Au lieu de lancer des campagnes publicitaires à travers les chaînes, Bill Clinton a diffusé ses spots sur la télévision par câble lors de la campagne électorale de 1992. Cela permettait de cibler le public stratégiquement et géographiquement, afin de toucher l’électorat souhaité. Clinton a ainsi réduit ses dépenses en publicité. Parallèlement, ses conseillers ont remarqué l’effet boule de neige engendré par le diffuseur d’informations en continu CNN, encore au début de sa notoriété à l’époque. Alors que ses concurrents George Bush et Ross Perot dénigraient ce petit audimat, Bill Clinton est souvent apparu sur le plateau de Larry King et ce qu’il racontait à l’animateur vedette de CNN a souvent fait la une des journaux. C’est également lui qui créa le premier site internet politique au beau milieu de la campagne électorale de 1996.

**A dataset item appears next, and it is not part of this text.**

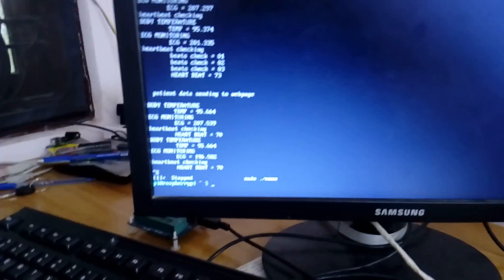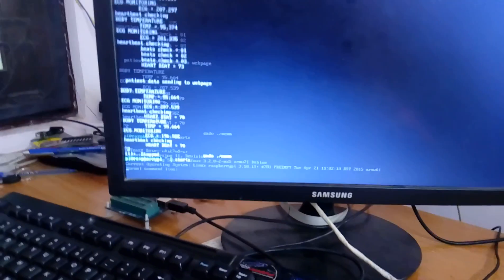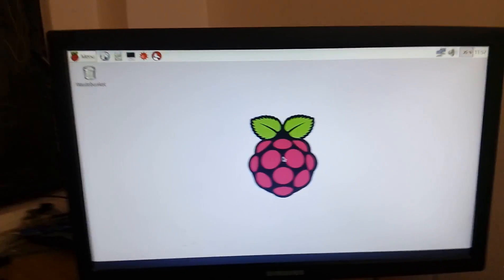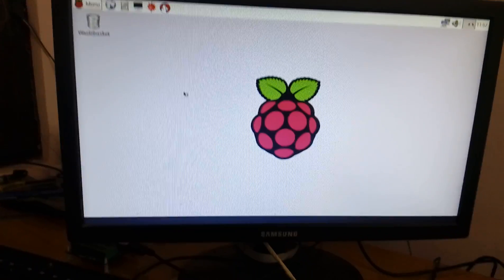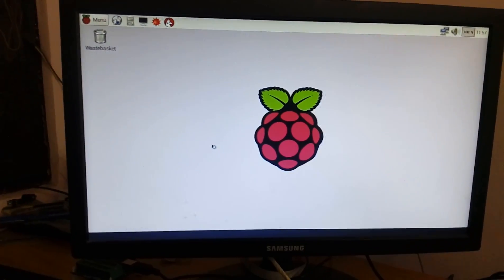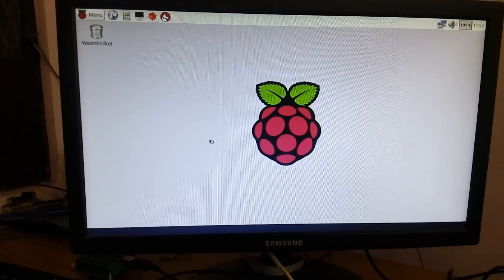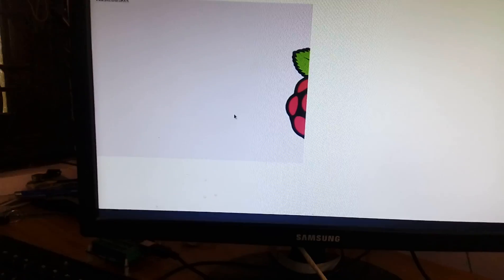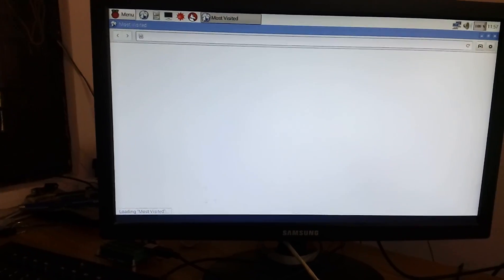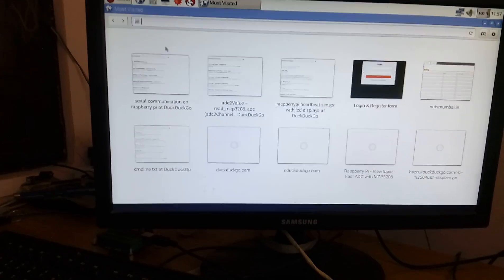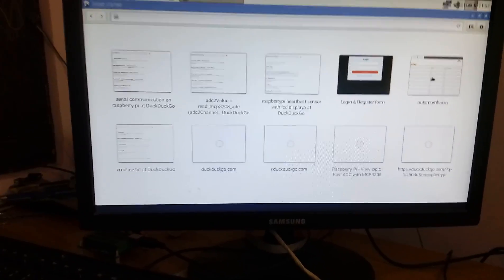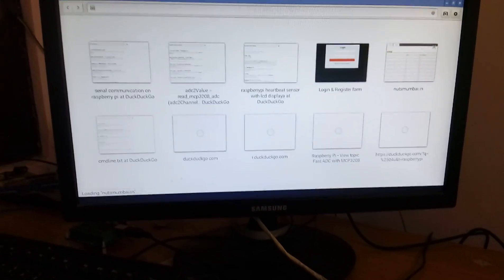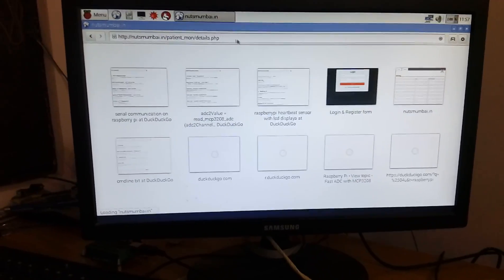We can stop this code with Control Z. The code is stopped. You can go for the GUI window. We can see the data on our web page. This is the main window. Open the computer.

A peine quatre ans plus tard, tous les candidats avaient leur propre page internet. Sur la toile, ils récoltaient de l’argent, dialoguaient en direct avec leur électorat et pouvaient pour la première fois diffuser leur message indépendamment des médias traditionnels.
Mais c’est en 2004 qu’internet joua un rôle décisif lors d’élections. Les stratèges républicains de George W. Bush investirent des millions pour élaborer de façon sophistiquée des listes de destinataires électroniques. Ils visaient tous les abstentionnistes dans les secteurs à majorité démocrate en leur envoyant des messages concernant leur candidat. Ils se sont également adressés aux indécis qui votent une fois démocrate, une fois républicain. Cette tactique remporta un franc succès auprès des personnes de couleur dans l’Ohio, un Etat dont les voix se sont souvent avérées décisives lors des élections. Au niveau national, seul 8% de l’électorat de couleur se prononça en faveur de G. W. Bush qui obtint cependant 16% des voix parmi les Afro-Américains de l’Ohio. Un score suffisant pour défaire John Kerry.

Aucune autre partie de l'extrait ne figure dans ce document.